I can't speak for those living on the continent, but it comes as little surprise to hear reports of alternative parties seeing a rise in support and approval rates for the EU reaching an all-time low. The European Union needs massive reform, and it needs it urgently.
So, I was 100% behind the idea of holding a referendum so we could have a national discussion about whether we're going to engage with and help reform the EU or leave and take up a looser trade arrangement. When you have 2 million people voting for UKIP in general elections and the Tories surge in the EU elections on the promise of an referendum on our membership you figure it's probably the right time.
What happened next however was a massive disappointment. David Cameron's "renegotiation" was a complete sham. It did very little to address peoples' actual concerns and the final agreement wasn't even legally-binding.
On top of that we saw possibly the worst-fought referendum campaign in living memory. The remain campaign failed to provide any positive reasons to justify our membership of the European Union and the leave campaign decided that facts were unnecessary and experts weren't to be trusted.

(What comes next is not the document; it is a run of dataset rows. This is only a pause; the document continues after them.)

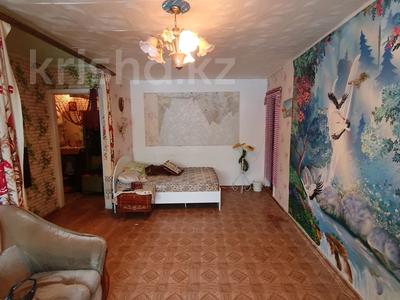 2-комнатная квартира, 43 м², 1/4 этаж, Горняков 45 за 6.2 млн 〒 в Рудном
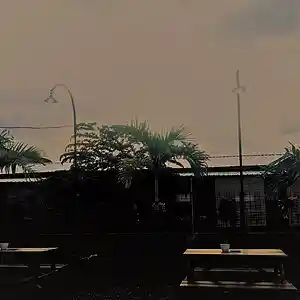 Picture for song 'Damn' by artist 'whxu beatz'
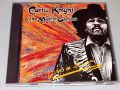Curtis Knight CD , снимка 1 - CD дискове - 45358241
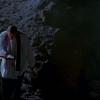 exorcist-dominion110
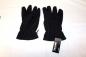Preview: Fleece Handschuhe Winterhandschuhe Fleecehandschuhe Fingerhandschuhe Thinsulate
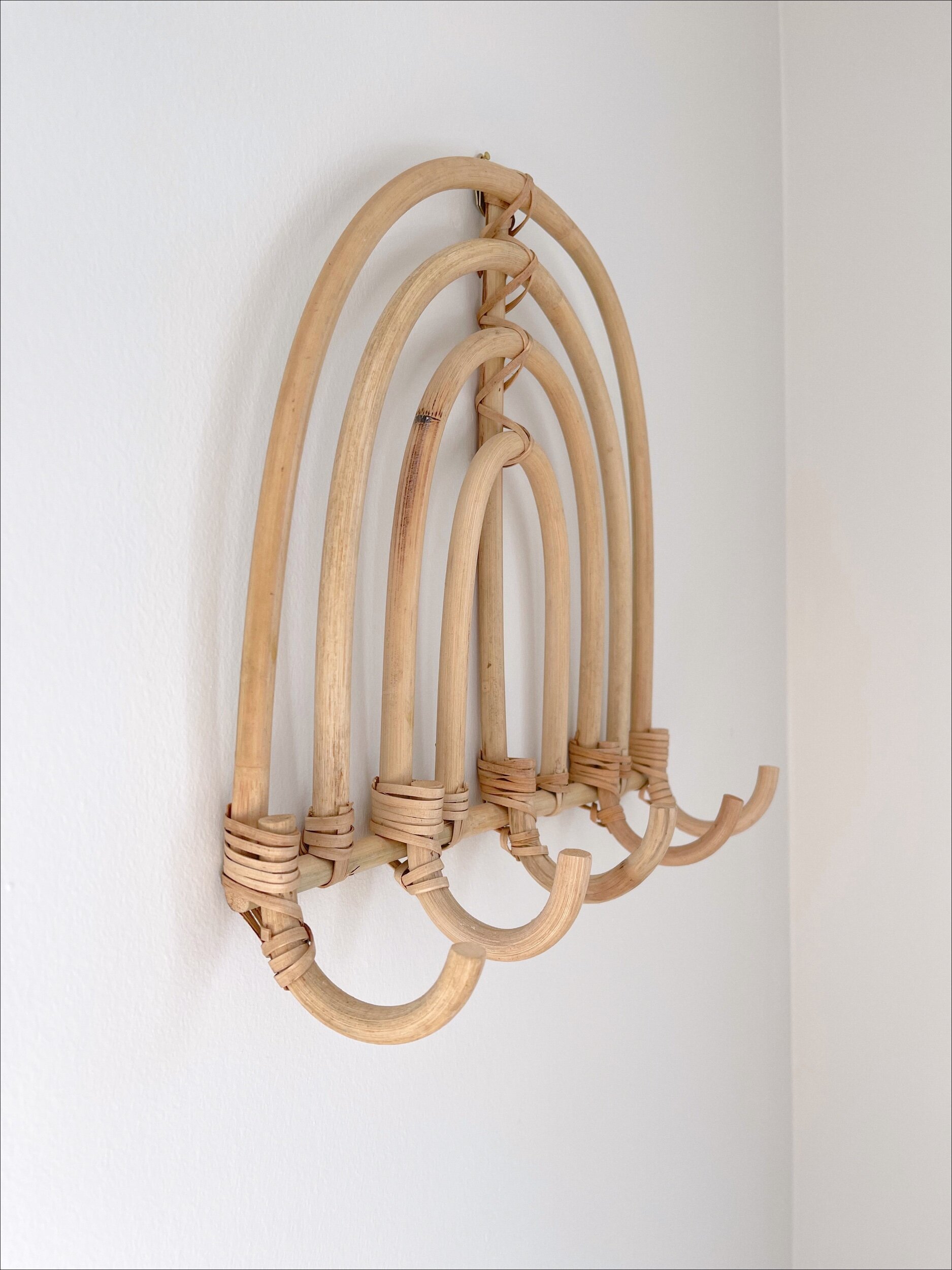 CB9D9DD4-BBA2-4FEA-830D-F4EB010674EE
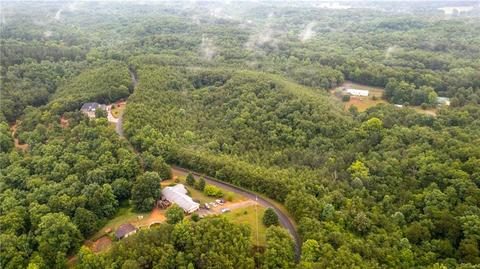 0 Long Rd, Rydal, GA 30171 photo 5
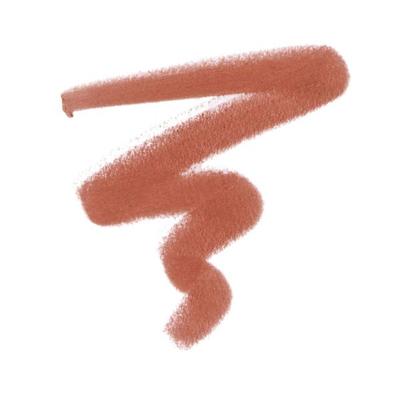 Anastasia Beverly hills Lip Liner - Hazelnut 1.5 gm - Lip Liners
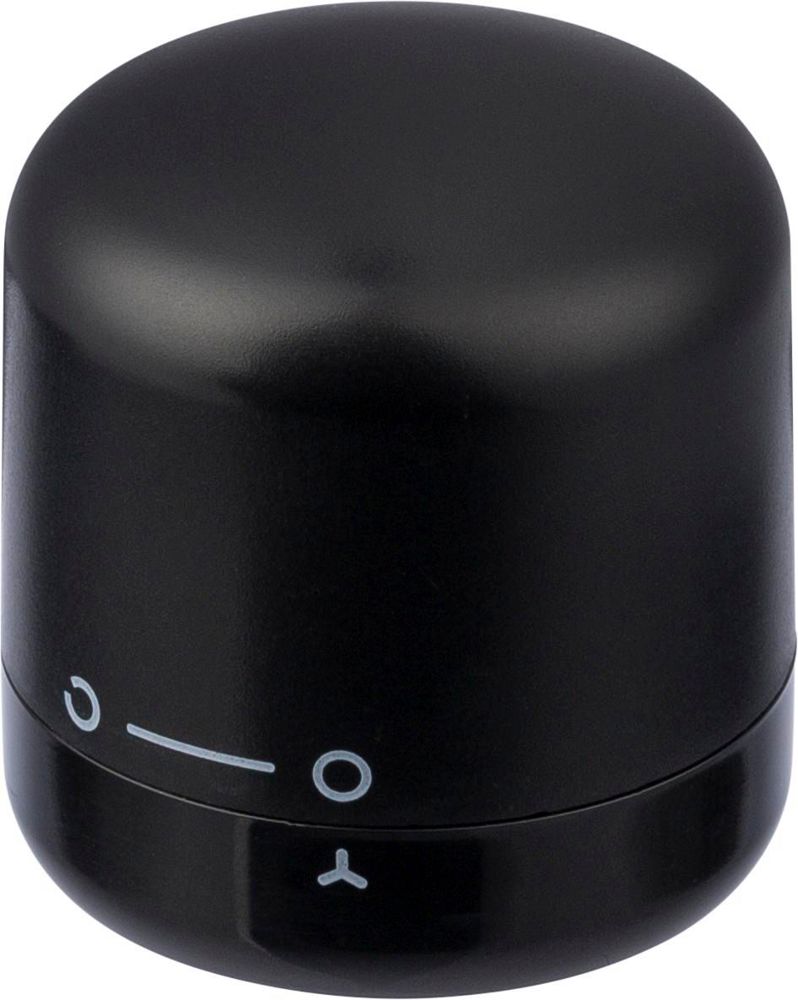 Flaschenverschluss aus ABS - Jareth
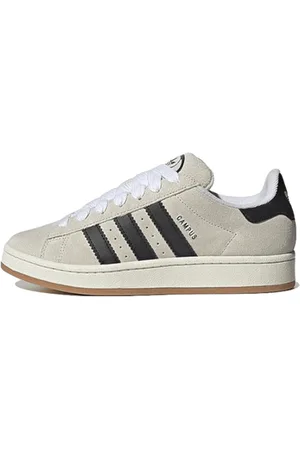 adidas Campus 00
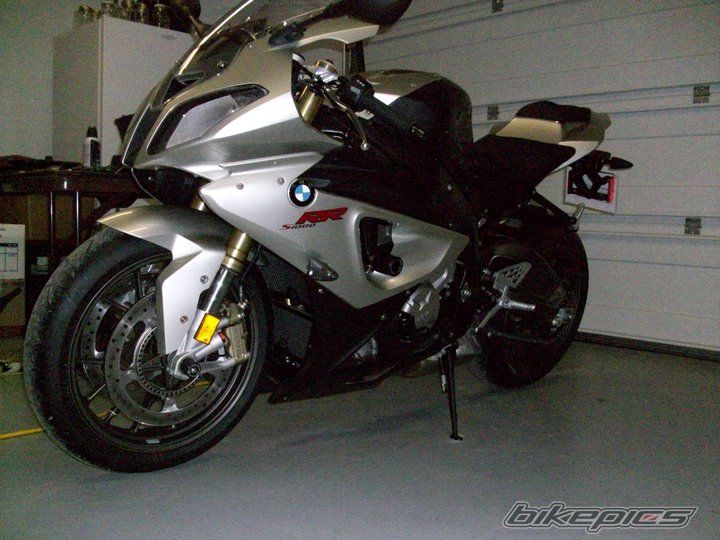 Bike Photo 2110343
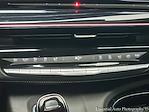 2024 Cadillac Escalade 4x4 SUV for sale #50391A - photo 17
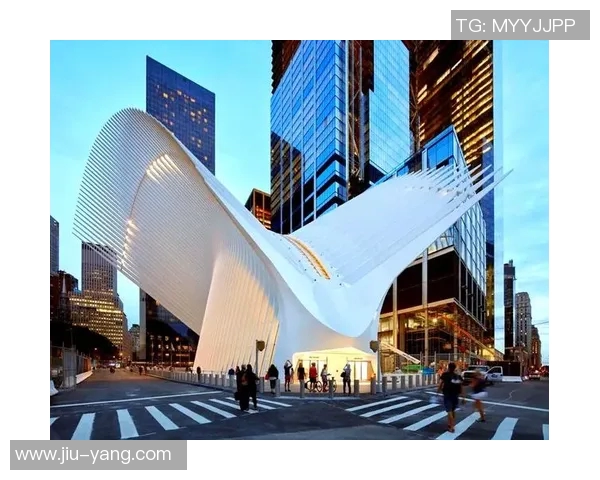 金奈城与新德里对决探秘两座城市的文化与发展之路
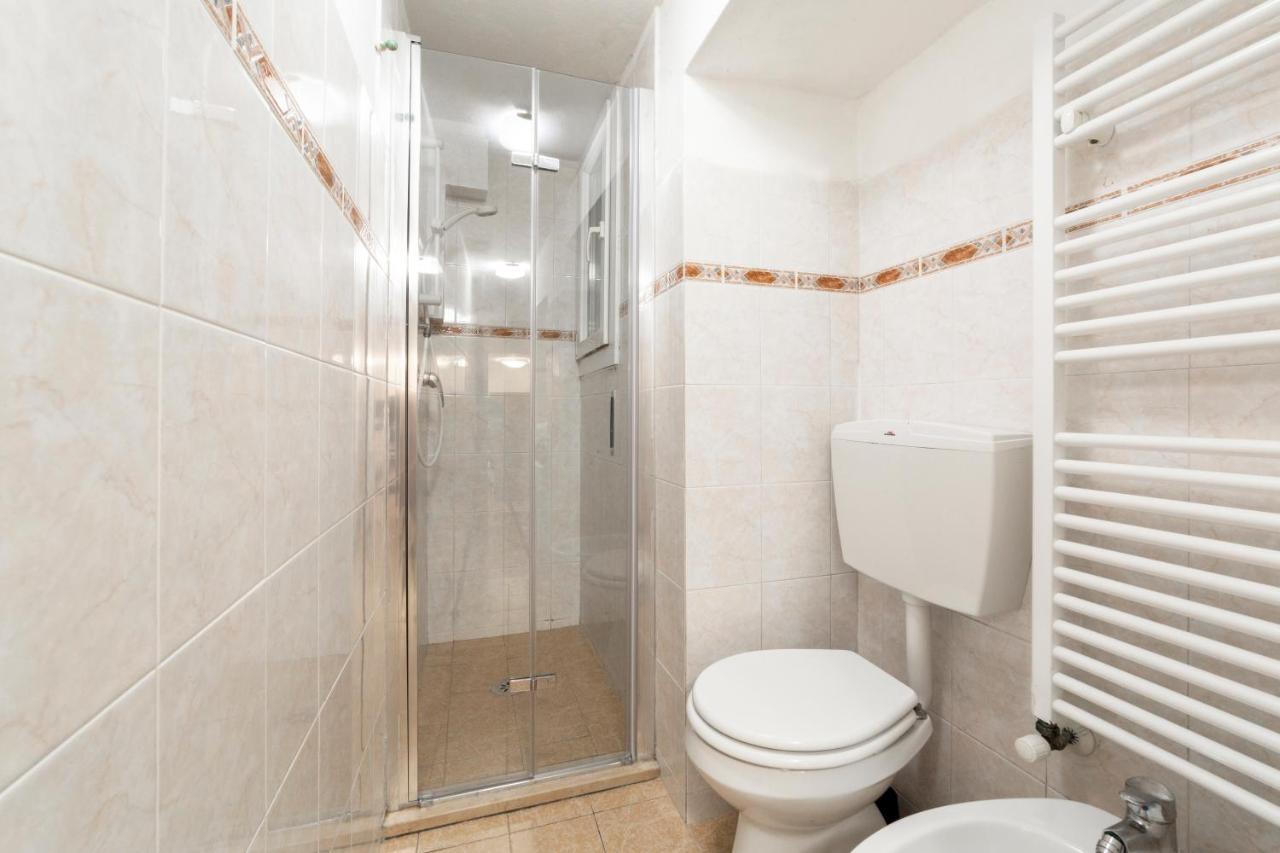 Magnoli Cozy Flat Two Steps From Ponte Vecchio Appartement *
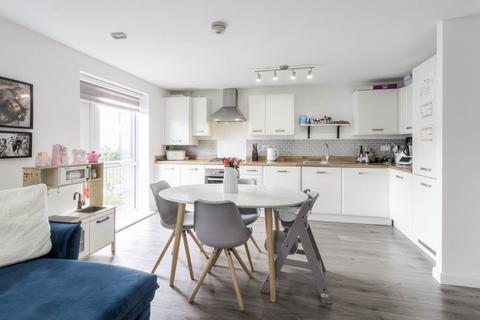 2 Bow Road, Brooklands, Milton Keynes, MK10 7GN
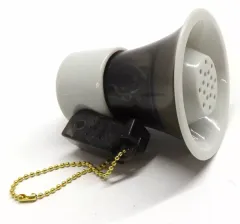 2025年最新】ボイスチェンジャー おもちゃの人気アイテム - メルカリ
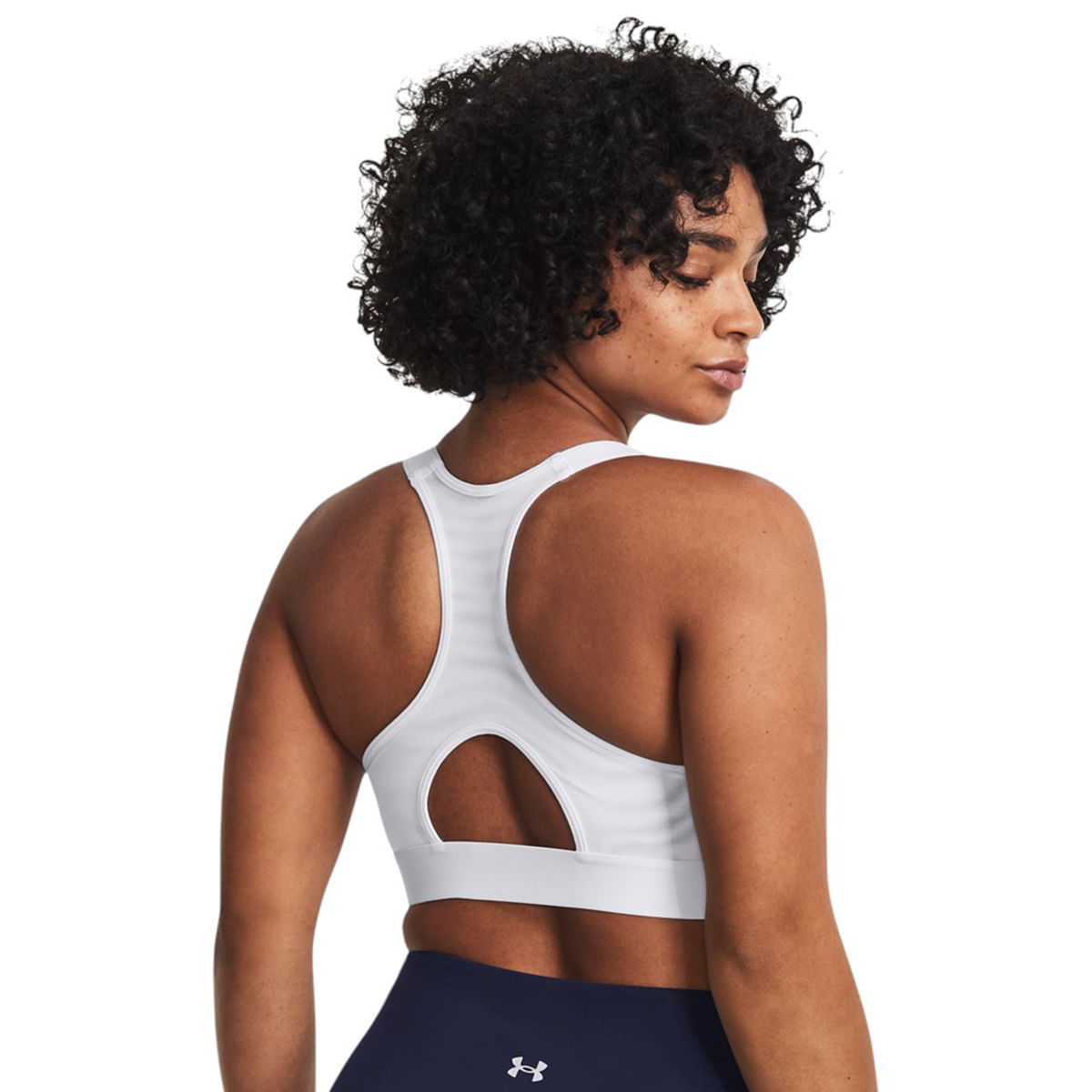Under-Armour-HeatGear-Armour-High-Sports-Bra---Women-s-White---Jet-Gray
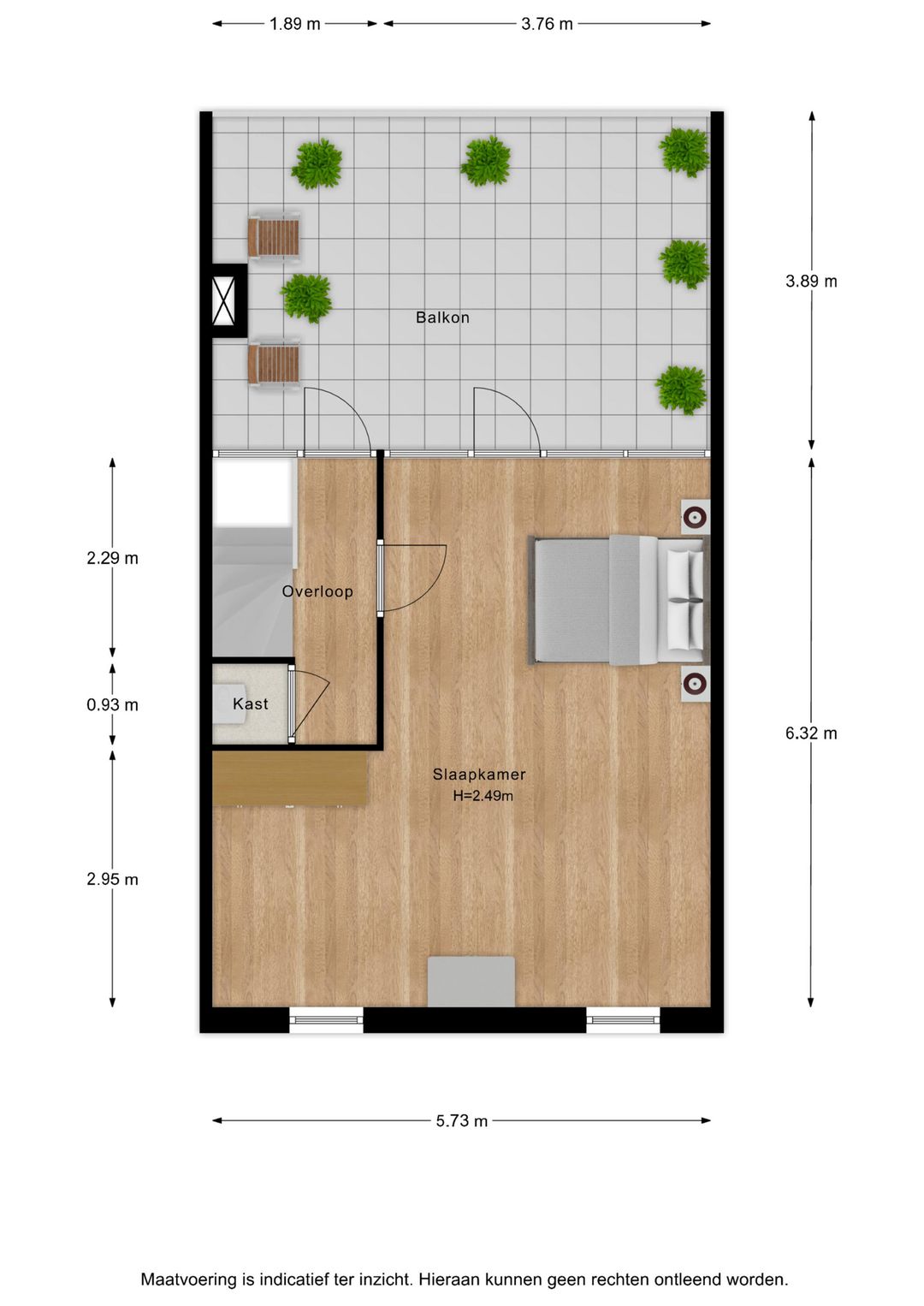 Foto 47 van De Watertoren 3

In the end I made the decision in March 2016 that I was going to vote remain in the June referendum on the grounds people in my industry told me Brexit would affect inward investment and the only expert (and supposedly impartial) voices from the IMF and OECD were also saying that Britain risked significant economic turmoil if the country voted to leave. As neither side of the campaign were painting a practical and believable vision of the future that gave me confidence this was incorrect I reluctantly opted for the status quo and tried to convince others to do the same.
At this point it is far too early to tell if this is good or bad for the country, but the early signs have been mixed. The pound has taken a hammering. However, all other measures seem normal. Whether this holds up when Theresa May invokes article 50 in March 2017 remains to be seen.
But personally I think if we as a country were unwilling to engage with the European Union fully, then in the longer term maybe Brexit will turn out to be the right decision for both sides. Those on the continent can carry on with their political project unhindered and Britain can forge its own way in the world, just as we've always done.
I don't regret voting remain though, as it was the best vote I felt I could cast at the time given the available information. I also believe that we could spend 10 years paying the price for this decision, and decades more if our government gets Brexit wrong.